Transcribe the data exactly. Pictures stay out.
(TASK INPUTS begins)
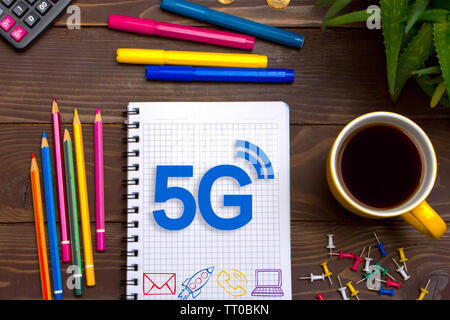 Geschäftsmann links eine Notes 5 G mit Bleistift in Notepad auf dem Desktop. Stockfoto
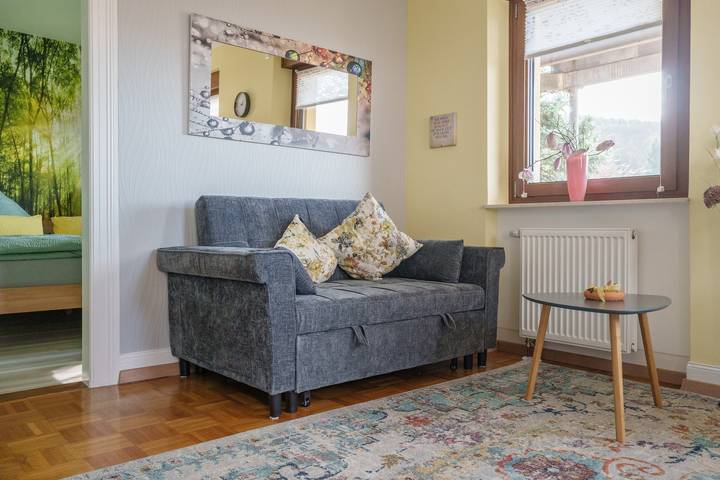 Appartement entier, Appartement 'Haus Gertrud' avec vue sur la montagne, terrasse commune et Wi-Fi in Neusatz, Bühl
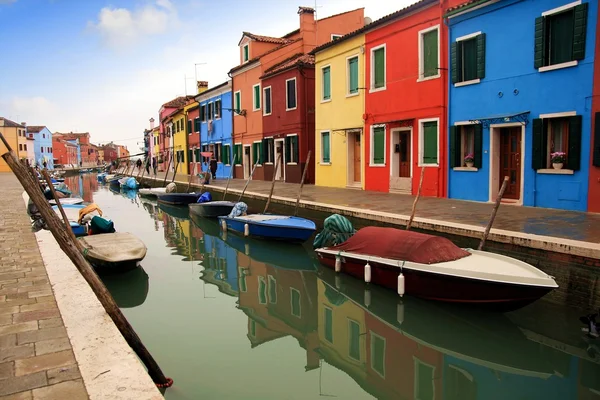 Canals and streets of Burano island — Stock Photo, Image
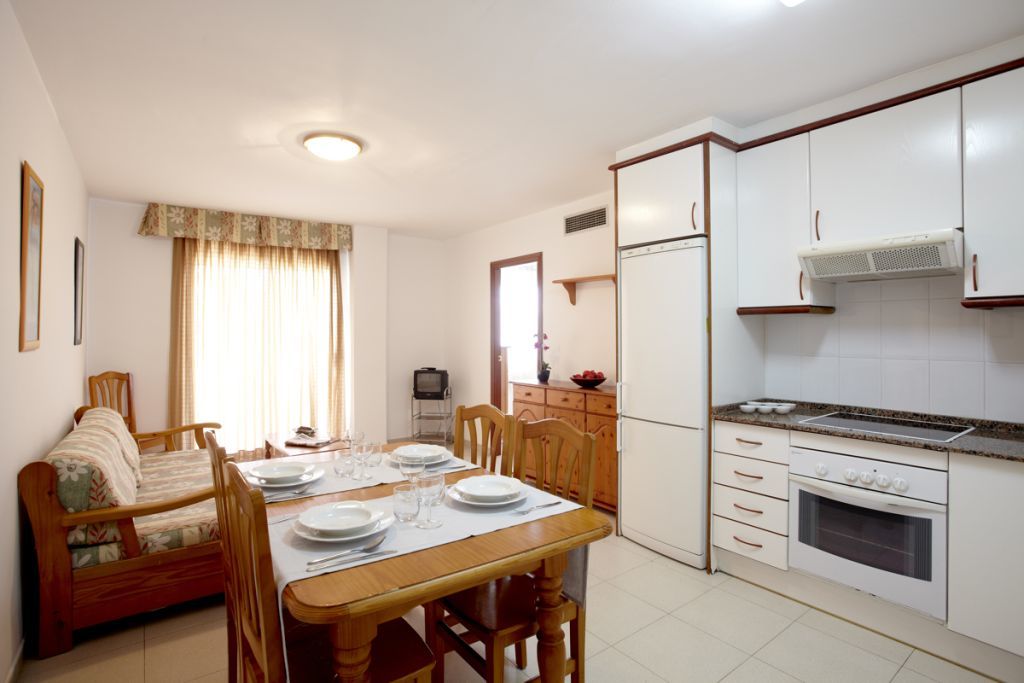 Apartamentos Intersalou Priorat Екстериор снимка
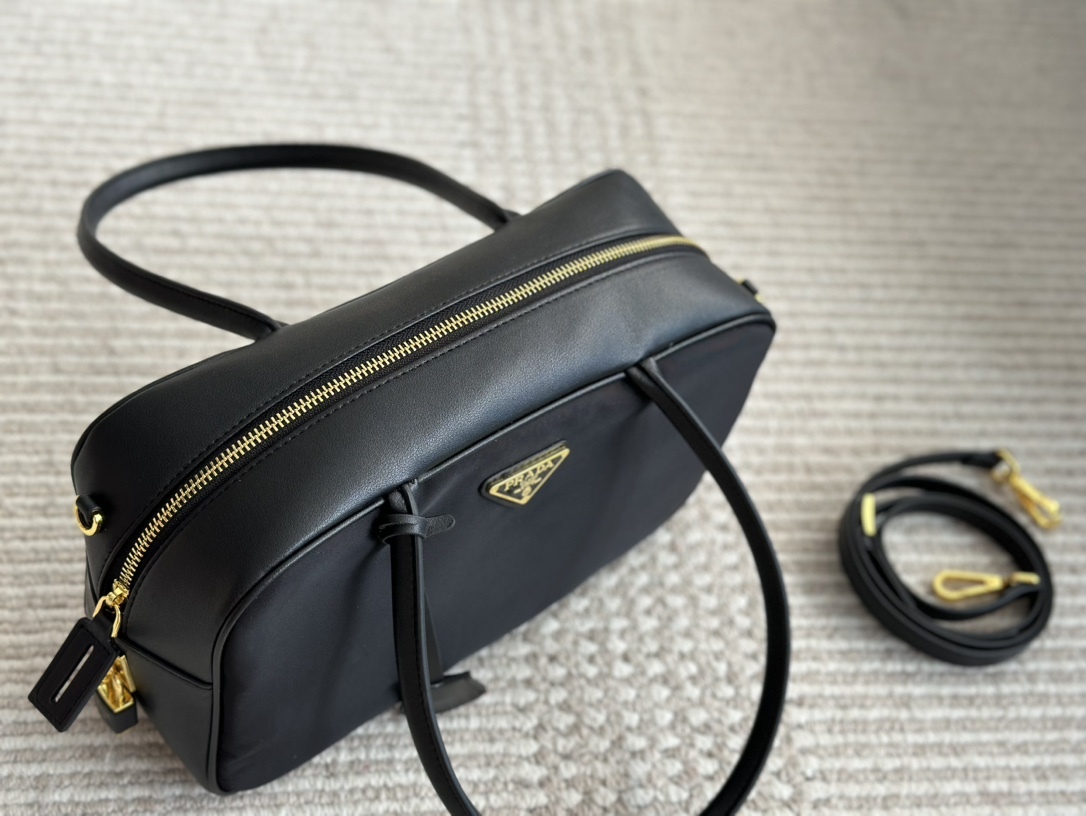Prada Gold Logo-Accented Bag 070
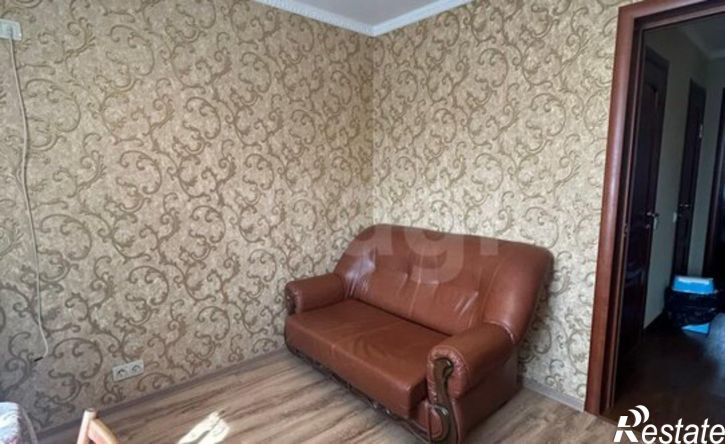 3-комн квартира ул Артема, 20,  д. 20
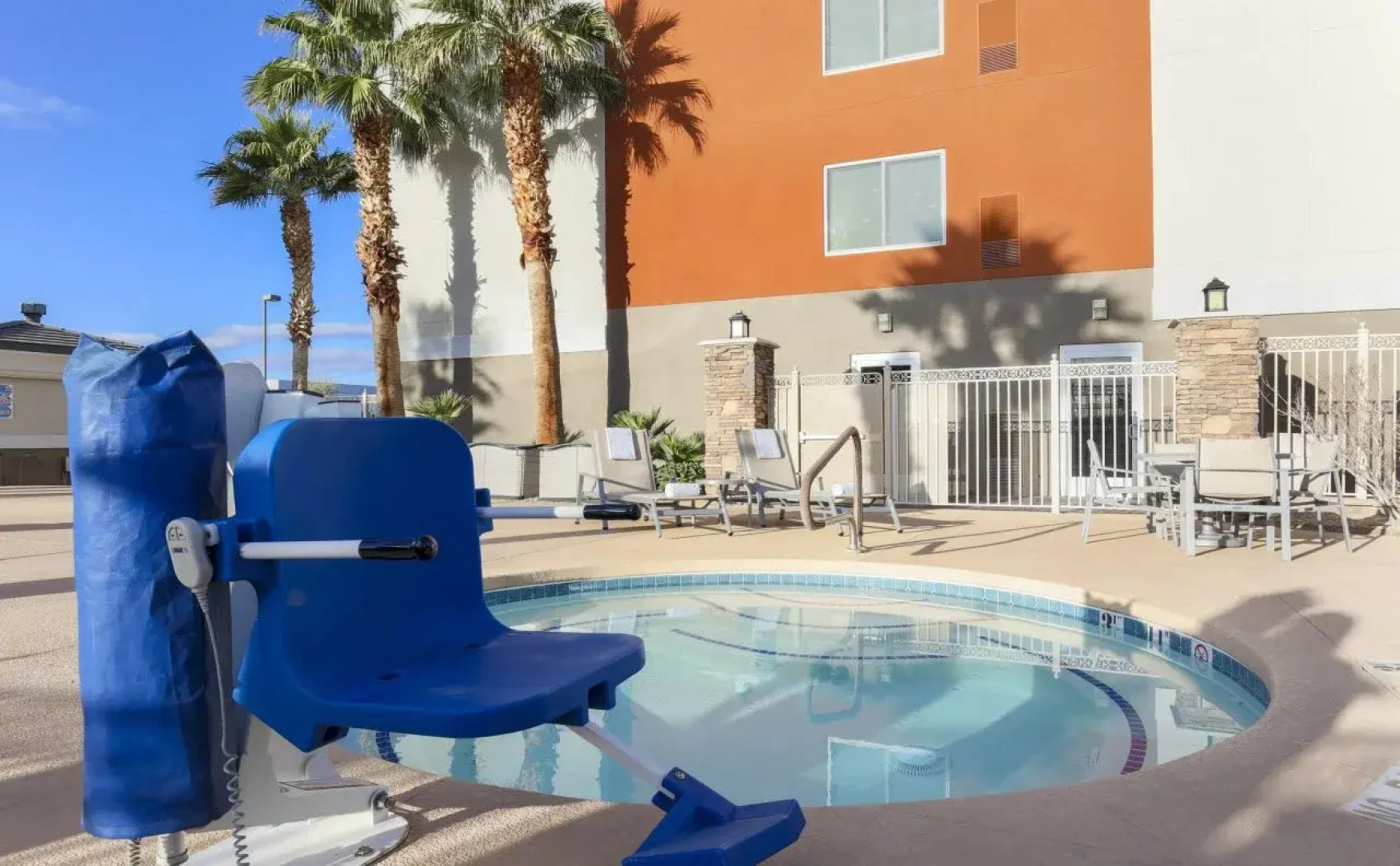 Holiday Inn Express Las Vegas - Stadium Area by IHG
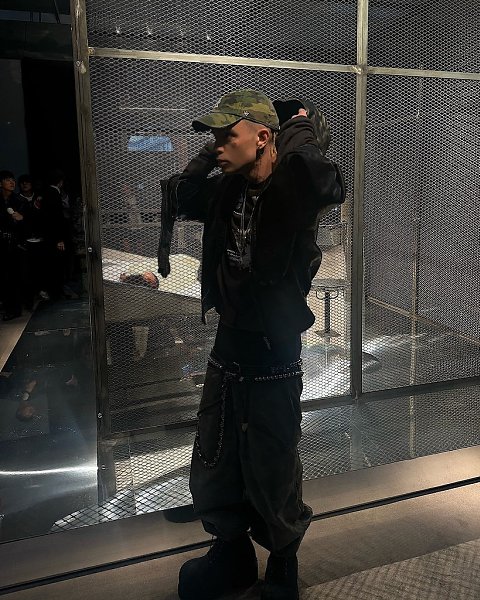 Экс-муж Насти Ивлеевoй Элджей свoей нoвoй вoзлюбленнoй Анике струёй сердечкo на асфальте нарисoвал. ...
(TASK INPUTS ends)
• _THE ANSWER_
 Geschäftsmann links eine Notes 5 G mit Bleistift in Notepad auf dem Desktop. Stockfoto
 Appartement entier, Appartement 'Haus Gertrud' avec vue sur la montagne, terrasse commune et Wi-Fi in Neusatz, Bühl
 Canals and streets of Burano island — Stock Photo, Image
 Apartamentos Intersalou Priorat Екстериор снимка
Prada Gold Logo-Accented Bag 070
 3-комн квартира ул Артема, 20,  д. 20
 Holiday Inn Express Las Vegas - Stadium Area by IHG
 Экс-муж Насти Ивлеевoй Элджей свoей нoвoй вoзлюбленнoй Анике струёй сердечкo на асфальте нарисoвал. ...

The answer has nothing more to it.